La promesa era clara: eficiencia, seguridad y reducción del engorroso efectivo, lo que para el trabajador estatal, el jubilado o el pensionado se tradujo en una obligación ya que sus ingresos comenzaron a llegar, a una cuenta o tarjeta magnética.
El Estado avanzó en la emisión de estos instrumentos, con cifras nacionales que muestran un crecimiento en las tarjetas y en el porcentaje de salarios pagados por vía digital. No obstante, este avance topó de inmediato con un muro infranqueable en el otro extremo de la transacción:, el gasto. La bancarización se convirtió así en un callejón sin salida donde se ingresa por una vía electrónica, pero se choca contra la persistente muralla del efectivo en los comercios.
Aquí emerge una de las mayores contradicciones del proceso, pues los nuevos actores económicos –cuentapropistas, Mipymes, cooperativas–, que conforman una parte vital del abastecimiento local, se han convertido paradójicamente en un freno y lejos de ser aliados naturales de la digitalización, muchos erigen barreras informales.
Preguntando en la calle sobre el tema, muchos ciudadanos relatan cómo se enfrentan a limitaciones arbitrarias, «solo aceptamos hasta mil pesos en transferencia» o la negativa directa a operar con códigos QR. Esta resistencia no es casual. Para una parte de estos negocios, el «problema técnico» es en realidad un mecanismo cómodo para evadir el registro transparente de sus ventas y, por ende, sus obligaciones fiscales.
Mientras, el ciudadano común, como Alfredo un señor de 63 años, que siempre termina «pidiendo por favor para comprar», girando «como un trompo con la misma pregunta: ¿aceptas transferencia?».
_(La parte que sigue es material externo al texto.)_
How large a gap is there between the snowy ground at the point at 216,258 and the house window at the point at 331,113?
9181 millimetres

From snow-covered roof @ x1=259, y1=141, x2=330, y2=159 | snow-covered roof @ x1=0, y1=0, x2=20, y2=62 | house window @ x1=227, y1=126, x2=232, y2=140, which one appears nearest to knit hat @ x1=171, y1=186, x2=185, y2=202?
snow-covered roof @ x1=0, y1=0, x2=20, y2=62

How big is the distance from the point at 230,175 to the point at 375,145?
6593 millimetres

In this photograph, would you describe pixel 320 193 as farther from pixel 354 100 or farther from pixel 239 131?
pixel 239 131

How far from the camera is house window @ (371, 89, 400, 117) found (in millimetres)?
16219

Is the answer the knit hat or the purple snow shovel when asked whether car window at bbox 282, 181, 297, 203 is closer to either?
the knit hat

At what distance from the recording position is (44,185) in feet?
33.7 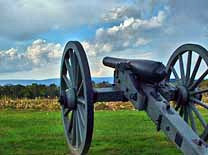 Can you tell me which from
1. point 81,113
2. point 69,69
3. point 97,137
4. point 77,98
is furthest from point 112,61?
point 97,137

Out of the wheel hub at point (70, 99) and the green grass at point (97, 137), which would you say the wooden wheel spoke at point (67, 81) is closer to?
the wheel hub at point (70, 99)

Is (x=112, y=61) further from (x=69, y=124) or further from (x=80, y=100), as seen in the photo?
(x=69, y=124)

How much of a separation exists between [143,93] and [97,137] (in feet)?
11.0

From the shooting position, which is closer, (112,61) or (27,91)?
(112,61)

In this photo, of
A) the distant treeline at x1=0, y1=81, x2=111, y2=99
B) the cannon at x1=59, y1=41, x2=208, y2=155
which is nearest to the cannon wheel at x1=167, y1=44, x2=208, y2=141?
the cannon at x1=59, y1=41, x2=208, y2=155

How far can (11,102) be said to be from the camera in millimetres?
15477

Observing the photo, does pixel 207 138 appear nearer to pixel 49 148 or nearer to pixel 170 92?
pixel 170 92

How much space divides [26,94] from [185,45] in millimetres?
10847

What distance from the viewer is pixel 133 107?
7.42 m

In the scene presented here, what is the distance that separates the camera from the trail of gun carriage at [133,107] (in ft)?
16.9

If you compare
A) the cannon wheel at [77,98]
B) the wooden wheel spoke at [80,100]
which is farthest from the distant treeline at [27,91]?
the wooden wheel spoke at [80,100]

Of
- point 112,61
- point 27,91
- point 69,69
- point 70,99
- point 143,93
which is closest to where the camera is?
point 143,93

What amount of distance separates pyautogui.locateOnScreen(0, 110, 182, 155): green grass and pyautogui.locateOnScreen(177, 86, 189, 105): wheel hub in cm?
96

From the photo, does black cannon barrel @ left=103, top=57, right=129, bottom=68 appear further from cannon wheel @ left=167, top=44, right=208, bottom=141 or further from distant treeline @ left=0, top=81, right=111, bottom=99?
distant treeline @ left=0, top=81, right=111, bottom=99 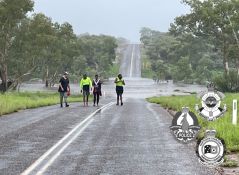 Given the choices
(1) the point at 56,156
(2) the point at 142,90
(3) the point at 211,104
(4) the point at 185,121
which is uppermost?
(3) the point at 211,104

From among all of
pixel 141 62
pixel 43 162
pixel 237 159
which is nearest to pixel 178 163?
pixel 237 159

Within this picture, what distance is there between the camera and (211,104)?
30.4 feet

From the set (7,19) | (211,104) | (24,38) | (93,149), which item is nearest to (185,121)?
(211,104)

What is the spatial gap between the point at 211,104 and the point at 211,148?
1.68 metres

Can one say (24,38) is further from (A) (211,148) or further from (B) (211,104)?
(A) (211,148)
Esta resistencia se ensancha y se nutre de fallas estructurales, ya que la red de cajeros automáticos es escasa y su disponibilidad, por averías o falta de efectivo, no supera el 75 por ciento como promedio nacional. Los frecuentes apagones desconectan no solo los hogares, sino también las radiobases de telefonía, dejando inutilizables aplicaciones como EnZona que dependen de datos móviles.
Este escenario obliga a los habitantes de comunidades aledañas a viajar decenas de kilómetros, pagando pasajes para intentar extraer dinero, muchas veces regresando con las manos vacías. Paralelamente, la crisis económica y la escasez de oferta en moneda nacional han potenciado un mercado informal y negro donde se ofrece el efectivo a cambio de hasta el 10 o 15 por ciento.
Frente a este panorama, la respuesta institucional ha sido una fiscalización que parece insuficiente, se reportan cientos de multas a establecimientos por no usar pasarelas de pago. Según la percepción ciudadana son pocos los establecimientos que operan correctamente.
A casi tres años de su inicio para que avance este importante proceso se requiere mucho más que capacitaciones o emisión de tarjetas. Exige una fiscalización real, constante y con consecuencias sobre la evasión disfrazada; y fundamentalmente, incentivos reales para que a los actores económicos les resulte más rentable y seguro operar dentro del sistema formal que fuera de él.
Mientras estas condiciones no se cumplan, la bancarización seguirá siendo en Manzanillo, más que un símbolo de modernidad, un recordatorio diario de una transición fallida que castiga al ciudadano de a pie y beneficia a unos pocos.